The "ATS optimization" advice on the internet is mostly outdated. Most modern ATS systems (Greenhouse, Lever, Ashby, Workable, the ones tech actually uses) parse PDFs well, handle tables fine, and don't reject resumes for cosmetic reasons.
What actually matters in 2026: Keyword match to the job description. This is real and verifiable. Most ATS systems show recruiters a "match score." Resumes that mirror the JD's specific terminology (not just synonyms) score higher and get prioritized in the recruiter's queue. Spend 5 min per application customizing 3-5 keywords. Clear section headers (Experience, Education, Skills). Helps the ATS classify content correctly. "Career Journey" instead of "Experience" sometimes confuses parsers. Standard date formats. "MM/YYYY" or "Mon YYYY": both fine. "Spring 2024" and "Q3 2023" sometimes don't parse. Searchable text, not images. If your name or contact info is in an image, the ATS can't find you. Pretty visual resumes that put header text in images are the biggest unforced error. One file format: PDF. Don't send .doc, .docx, .pages. PDF parses most consistently.

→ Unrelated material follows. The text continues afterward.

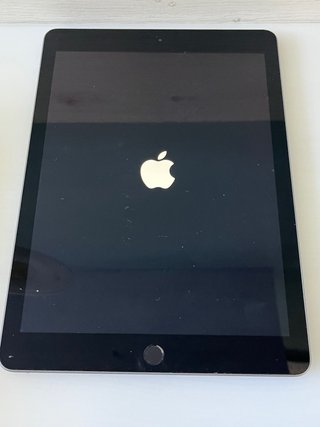 iPad 6ª Gen 128GB Gris + Caja + Funda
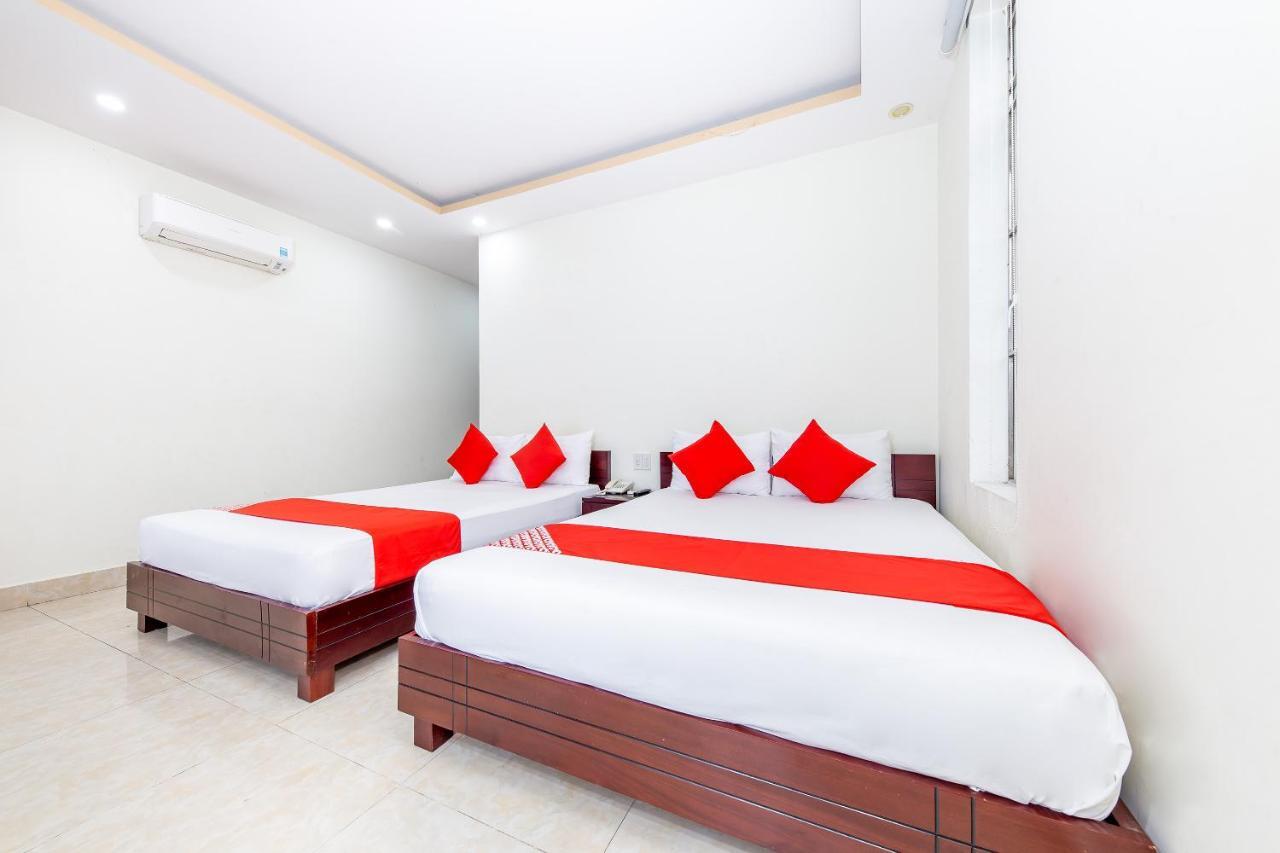 Hotel Oyo 587 Trang Long Nha Trang Esterno foto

What does NOT matter (despite what internet advice says): Two-column layouts (modern ATS handles them fine) Use of color (recruiters look at color-printed resumes all day; it doesn't trigger ATS rejection) "Keyword stuffing": modern parsers detect this and it hurts more than it helps Specific font choices (any sans-serif >9pt is fine) File name (despite the "namerole2026.pdf" advice; nobody at the company sees the file name except in their downloads folder)
The high-leverage move: spend 5 minutes per application matching keywords from the JD. That's the entire ATS-optimization game in 2026.